What a scientific benchmarking is?
Scientific benchmarking helps determine the precision, recall and other metrics of bioinformatics resources (in the form of software tool) in unbiased scenarios, which have been set up through reference databases, ad-hoc input and test data sets reflecting specifying scientific challenges. Chosen metrics allow us to objectively evaluate the relative scientific performance of the different participating resources.
For conducting a scientific benchmarking in OpenEBench, you need to understand the following concepts:
- Participant: A software application (program, server or pipeline) that needs to be evaluated and be compared with other participants. The evaluation is done comparing the participant results with a reference dataset. All the participants that are going to be compared using the same reference dataset are grouped in a challenge.
- Challenge: A challenge comprises one reference dataset and a set of evaluation metrics that will be applied to all the challenge participants.
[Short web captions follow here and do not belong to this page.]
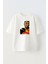 Unisex Beyaz Oversize Pamuk Muhammed Ali Süperman Baskılı Örme T-Shirt 1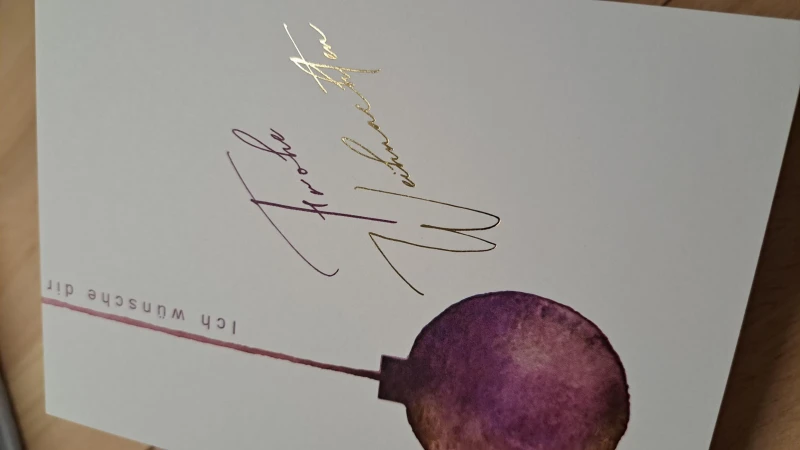 Frohe Weihnachten Karte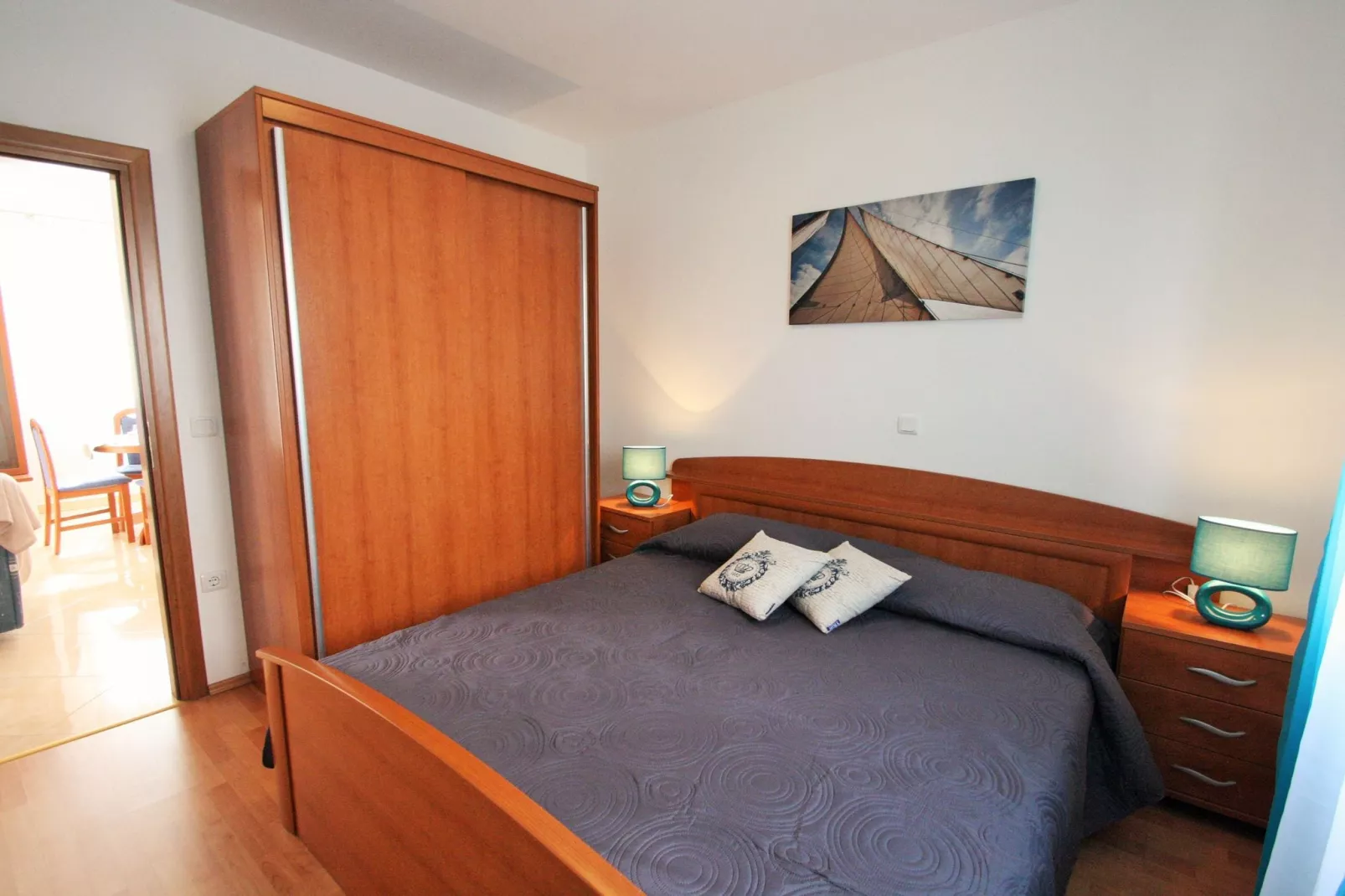 Two-Bedroom Apartment Bilic with Balcony in Porec Area-Slaapkamer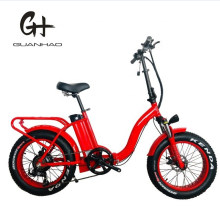 20" Folding Frame 1000W Ladies Fat Tire Motorized Electric Bike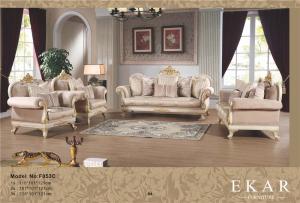 China Fabric Chesterfield Sofa Set Wooden Leg French Style Sofa wholesale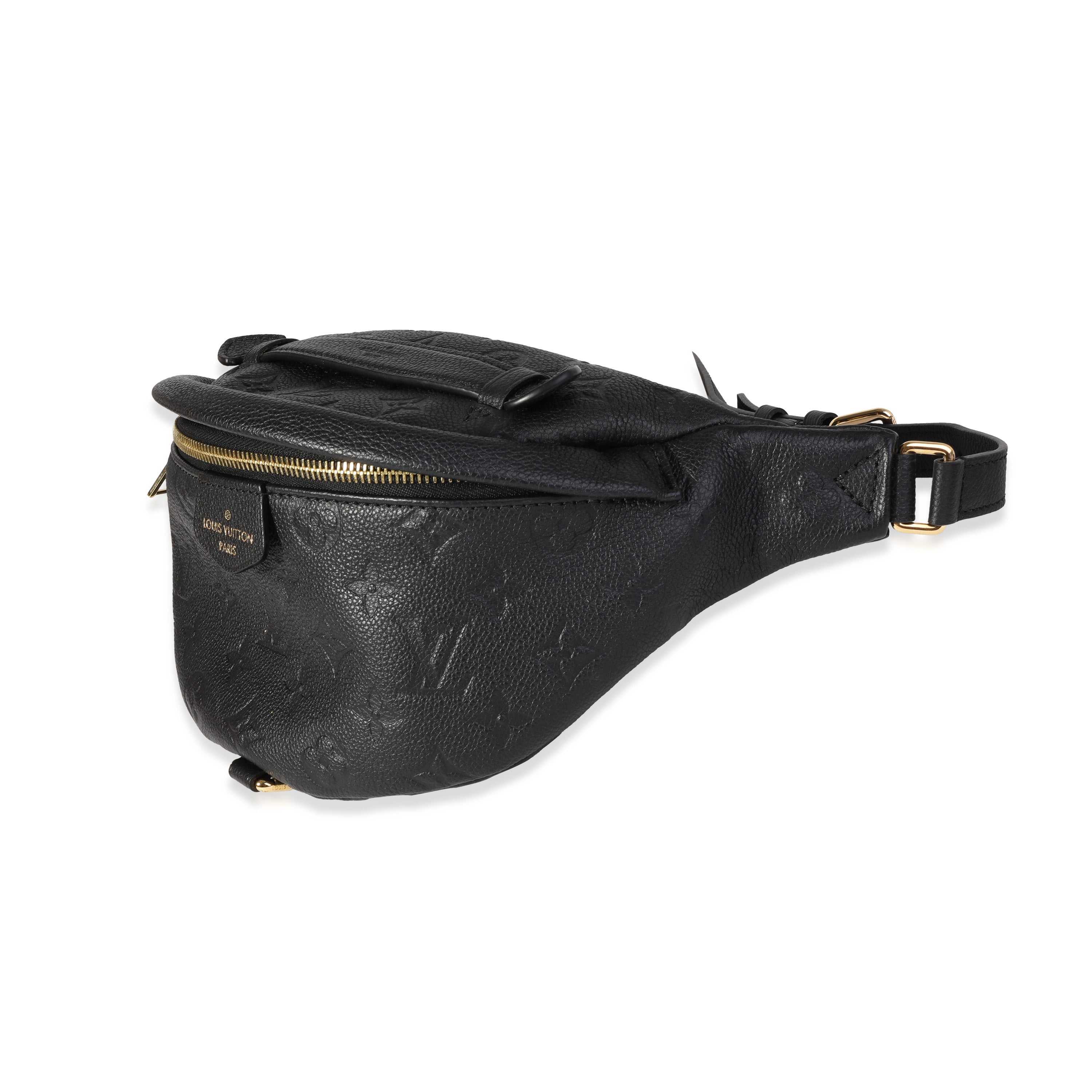 Louis Vuitton Louis Vuitton Black Monogram Empreinte Bumbag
- Reference Dataset: It is a set of data that contains the expected results for a participant.
- Evaluation metrics: Set of metrics used to compare the results of the participants with the reference dataset, for example, ......
- Benchmarking Event: The challenges are organized in the context of a benchmarking event, that can contain more than one challenge. A benchmarking event is defined as a time-bound contest where a tool, pipeline, service or product, i.e., the participant, is compared against other participants using a predefined collection of reference datasets and assessment metrics.
- Community: The organised group behind the benchmarking.
Communities are the central concept for scientific benchmarking in OpenEBench. The scientific benchmaking is seeing as a community-driven effort to improve research software in the field. Communities organise benchmarking events, that are composed by several challenges, each challenge contains all the participants that are going to be evaluated together.